The following definitions and abbreviations are to be used for the interpretation of the claims and the specification. As used herein, the terms “comprises,” “comprising,” “includes,” “including,” “has,” “having,” “contains,” or “containing,” or any other variation thereof, are intended to cover a non-exclusive inclusion. For example, a composition, a mixture, process, method, article, or apparatus that comprises a list of elements is not necessarily limited to only those elements but can include other elements not expressly listed or inherent to such composition, mixture, process, method, article, or apparatus.

Additionally, the term “illustrative” is used herein to mean “serving as an example, instance or illustration.” Any embodiment or design described herein as “illustrative” is not necessarily to be construed as preferred or advantageous over other embodiments or designs. The terms “at least one” and “one or more” are understood to include any integer number greater than or equal to one, i.e., one, two, three, four, etc. The terms “a plurality” are understood to include any integer number greater than or equal to two, i.e., two, three, four, five, etc. The term “connection” can include an indirect “connection” and a direct “connection.”

References in the specification to “one embodiment,” “an embodiment,” “an example embodiment,” etc., indicate that the embodiment described can include a particular feature, structure, or characteristic, but every embodiment may or may not include the particular feature, structure, or characteristic. Moreover, such phrases are not necessarily referring to the same embodiment. Further, when a particular feature, structure, or characteristic is described in connection with an embodiment, it is submitted that it is within the knowledge of one skilled in the art to affect such feature, structure, or characteristic in connection with other embodiments whether or not explicitly described.

The terms “about,” “substantially,” “approximately,” and variations thereof, are intended to include the degree of error associated with measurement of the particular quantity based upon the equipment available at the time of filing the application. For example, “about” can include a range of ±8% or 5%, or 2% of a given value.

The descriptions of the various embodiments of the present invention have been presented for purposes of illustration but are not intended to be exhaustive or limited to the embodiments disclosed. Many modifications and variations will be apparent to those of ordinary skill in the art without departing from the scope and spirit of the described embodiments. The terminology used herein was chosen to best explain the principles of the embodiments, the practical application or technical improvement over technologies found in the marketplace, or to enable others of ordinary skill in the art to understand the embodiments described herein.

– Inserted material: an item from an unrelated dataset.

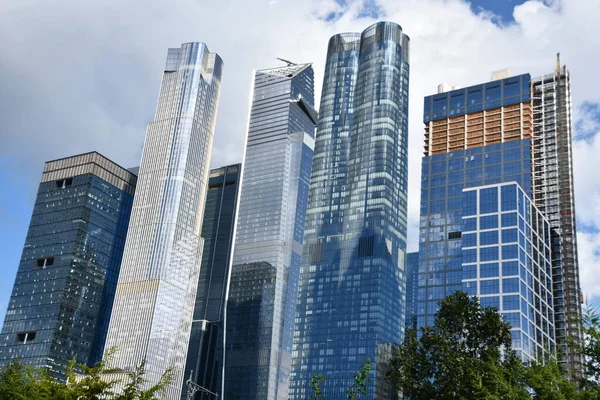 NEW YORK, NY - SEP 18: 18 Eylül 2021 'de Manhattan, New York' taki Hudson Yards 'da daha yeni gelişmeler.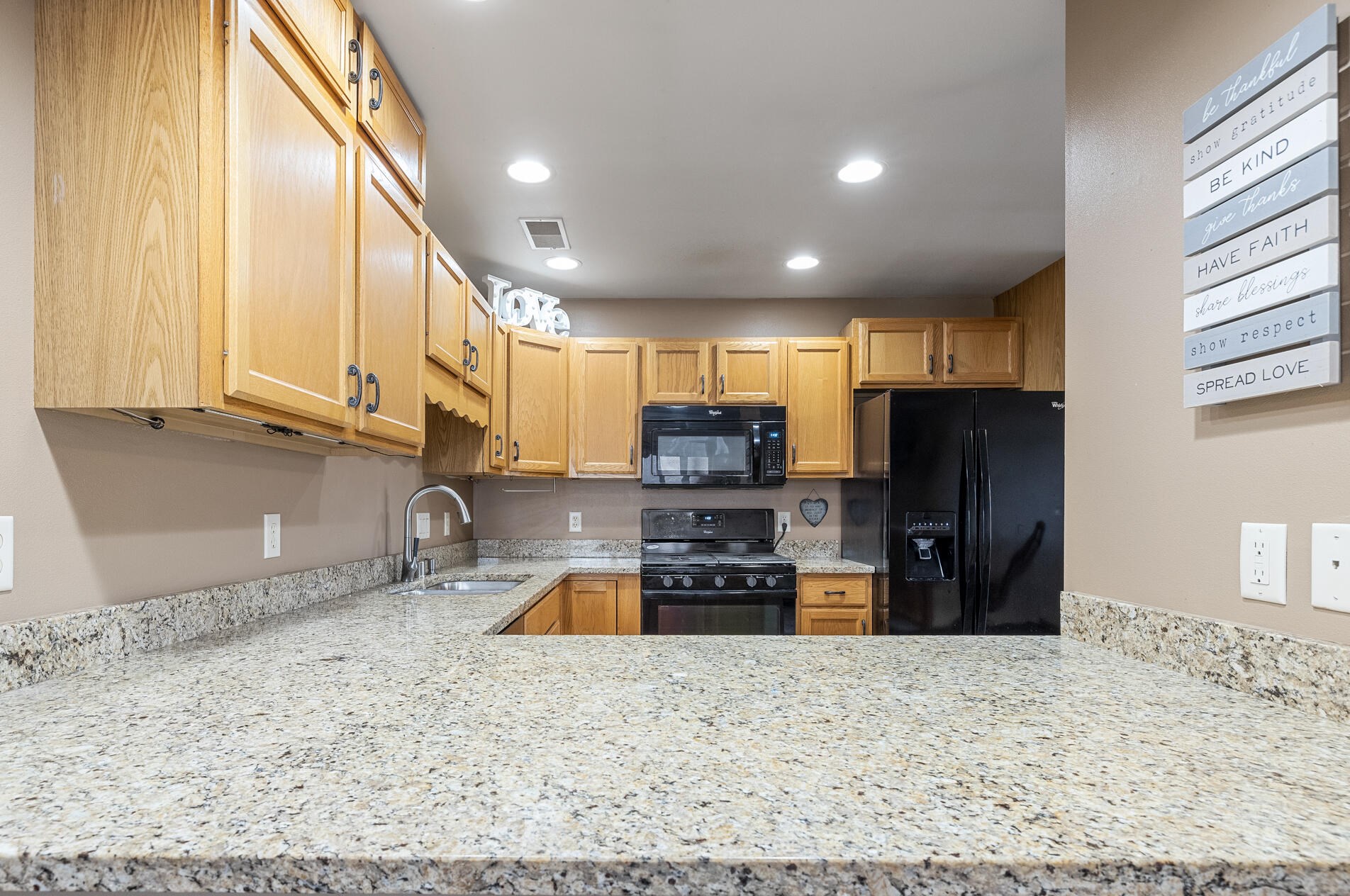 826 Church St #1, Allenton, WI 53002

The descriptions of the various embodiments of the present invention have been presented for purposes of illustration but are not intended to be exhaustive or limited to the embodiments disclosed. Many modifications and variations will be apparent to those of ordinary skill in the art without departing from the scope and spirit of the described embodiments. The terminology used herein was chosen to best explain the principles of the embodiments, the practical application or technical improvement over technologies found in the marketplace, or to enable others of ordinary skill in the art to understand the embodiments described herein.

Thus, a computer implemented method, system or apparatus, and computer program product are provided in the illustrative embodiments for managing participation in online communities and other related features, functions, or operations. Where an embodiment or a portion thereof is described with respect to a type of device, the computer implemented method, system or apparatus, the computer program product, or a portion thereof, are adapted or configured for use with a suitable and comparable manifestation of that type of device.

Where an embodiment is described as implemented in an application, the delivery of the application in a Software as a Service (SaaS) model is contemplated within the scope of the illustrative embodiments. In a SaaS model, the capability of the application implementing an embodiment is provided to a user by executing the application in a cloud infrastructure. The user can access the application using a variety of client devices through a thin client interface such as a web browser (e.g., web-based e-mail), or other light-weight client-applications. The user does not manage or control the underlying cloud infrastructure including the network, servers, operating systems, or the storage of the cloud infrastructure. In some cases, the user may not even manage or control the capabilities of the SaaS application. In some other cases, the SaaS implementation of the application may permit a possible exception of limited user-specific application configuration settings.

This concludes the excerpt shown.